一厘米的距离

一厘米的距离

文/柒雪

    莫名的冰冷,散开在五指间的心灵,一辆车上的母女二人,似乎相隔了千万光年,只因小小的矛盾,就可以把和睦的甜蜜灌进涩嘴的苦水。雨,下着,不大。
     雨衣无声地搭在我手中,扭过头的倔犟是我脆弱的反抗。妈妈身上套了一层棉外套,头上有一顶头盔,我呢,连心都赤裸裸。“穿上。”不容违抗的命令。雨,下得大了,我心不甘情不愿地穿上了雨衣。车,行在雨中,心里,仍是很冰凉。
     雨下得更狠了,一颗又一颗似冰雹砸在脸上,转瞬即逝的疼痛。眼镜也有些模糊了,前面妈妈的后背,好像很坚实,很温暖,可我,不敢依上去。心里还存有怨恨,年少的倔犟支撑着孤单而强大的我。“她应该先给我道歉!”念头挥之不去地价在心头。

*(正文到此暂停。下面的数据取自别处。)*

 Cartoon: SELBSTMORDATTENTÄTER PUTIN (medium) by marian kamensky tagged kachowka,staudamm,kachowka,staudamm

     哼着歌,脸被冻得有点僵。突然电动车猛烈地晃动起来,但很快又平稳了。受了惊吓再加上心里之前小小的怨气,我忍不住没好气地抱怨了一句:“晃什么啊!”妈妈“嘿嘿”的笑声干干的、涩涩的。“我,我看看你在不在后面的。没动静心里不踏实。”“当然在啊!真是的。”为这可笑的理由哭笑不得,却又一丝丝温暖。妈妈习惯身后的我依赖,我这么久不在,她也不踏实啊。现在,妈妈的背离我只有一厘米的距离,我却不敢靠上去,是心虚么?

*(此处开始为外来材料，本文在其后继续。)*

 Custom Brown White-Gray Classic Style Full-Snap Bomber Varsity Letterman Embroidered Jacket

     雨粉饰着夜的冷暗无情,月亮的影子也开始摇摇晃晃。脚踝好冷,都要冻僵了,离家却还有一段不小的距离。眼镜已经全部模糊,眼前的世界像个倒霉的画家弄翻了杂七杂八的颜料,成了块色彩多样却糊成一团的调色板。再抬眼,妈妈的背却很清晰,粉红色,仿佛伸出手臂迎接我,我却一再的犹豫。“冷吗?再忍一忍马上就到家了。”前面传来的声音不大,却穿透了那最后一层犹豫。冷?没错,这数九寒冬迎风而行当然冷,但妈妈是在风口,我的前面还有她的遮挡,说冷,不该是妈妈更冷么?突然一切都释然了。我心里的温暖好似一江春水,在全身的细胞中流动,哪怕雨水源源不断地滴在脚上、脸上。
    家,马上就到了,但是我却始终跨不过那一厘米的距离,始终没有让冻得发僵的脸感受背上的温暖,始终没有。
    也许你会问,为什么呢?不是心里已是如花的春天,渴望拥抱母爱坚实温暖的后背吗?